EXERCISE INPUTS =
BEGIN

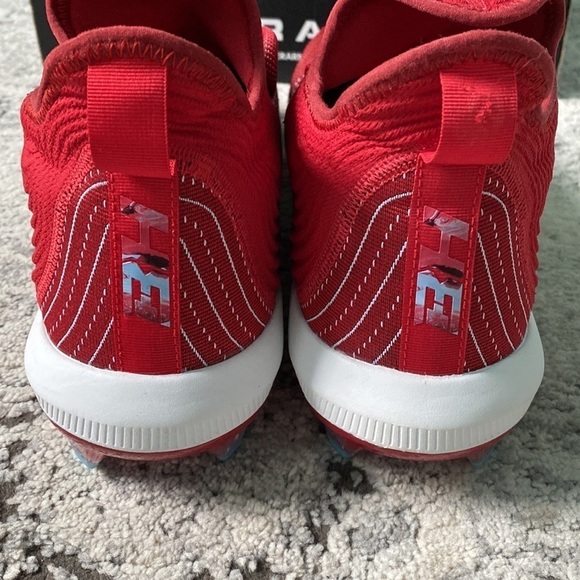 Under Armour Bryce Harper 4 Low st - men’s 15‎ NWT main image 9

END
BEGIN

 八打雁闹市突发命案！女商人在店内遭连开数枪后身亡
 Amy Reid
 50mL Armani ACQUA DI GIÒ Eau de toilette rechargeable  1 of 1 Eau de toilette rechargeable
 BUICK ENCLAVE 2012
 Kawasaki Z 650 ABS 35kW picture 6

END

WORK ITEM = Restate word for word the lines in the material above from the one with "BUICK ENCLAVE 2012" to the one with "Kawasaki Z 650 ABS 35kW picture 6"; both of those lines count, and nothing else does.

ANSWER AREA =
 BUICK ENCLAVE 2012
 Kawasaki Z 650 ABS 35kW picture 6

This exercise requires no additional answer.